Section 1.02. Custodian’s Review of Loan Files. On and after the date hereof, ACAS shall deliver to the Custodian a Loan Checklist for each Loan File simultaneously with the delivery of any Loan Files. Not later than five (5) business days following the Custodian’s receipt of any Loan Files and the related Loan Checklists from ACAS, the Custodian shall review such Loan Files in accordance with the procedures set forth in this Section 1.02 and promptly deliver to ACAS a receipt in the form attached hereto as Exhibit B (a “Receipt”) with respect to such Loan Files. If the Custodian during the process of reviewing the Loan Files finds any document constituting a part of a Loan File that is not properly executed, has not been received, is unrelated to a Loan identified in the related Loan Checklist, or does not conform to the description as set forth in the related Loan Checklist, the Custodian shall promptly so notify ACAS by listing such exceptions on Schedule B to the related Receipt. In addition, if in the process of reviewing any Loan File, the Custodian discovers that it has any documents in its possession that are not listed on the related Loan Checklist, the Custodian shall promptly return any such documents to ACAS. In performing any such reviews, the Custodian may conclusively rely on ACAS as to the purported genuineness of any such document and any signature thereon. It is understood that the scope of the Custodian’s review of the Loan Files is limited solely to confirming that the documents listed on the applicable Loan Checklist have been executed and received and relate to the Loans identified in such Loan Checklist; provided, however, with respect to the UCC financing statements referenced in the definition of Loan File, the Custodian’s sole responsibility will be to confirm that the Loan File contains UCC financing statements, if applicable or as identified on the Loan Checklist, and not to make determinations about the materiality of such UCC financing statements. For the avoidance of doubt, the parties hereto acknowledge that for Loan Files delivered prior to the date hereof, Loan Checklists are included in some, but not all, Loan Files being held by the Custodian (i.e., Loan Checklists may be included in Loan Files transferred from ACS Funding Trust I and ACS Funding Trust II, but not in other Loan Files delivered to the Custodian).

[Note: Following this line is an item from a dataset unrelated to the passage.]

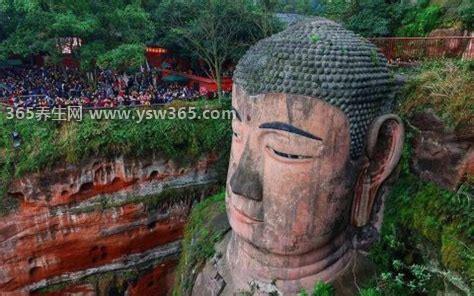 乐山大佛不能拜的原因,跟它是空心佛有关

Section 1.03. Release of Loan Files. ACAS may, at any time during any Holding Period, upon written notice in substantially the form attached hereto as Exhibit D and in accordance with Section 1.01 above, require that the Custodian release to ACAS or its designee any or all of the Loan Files previously delivered by ACAS to the Custodian. Upon written notice (the “Termination Notice”) by ACAS to the Custodian to release all of the Loan Files and terminate this Agreement, this Agreement shall terminate (other than the Custodian’s rights to indemnification) upon Custodian’s release and ACAS’ receipt of all of the Loan Files.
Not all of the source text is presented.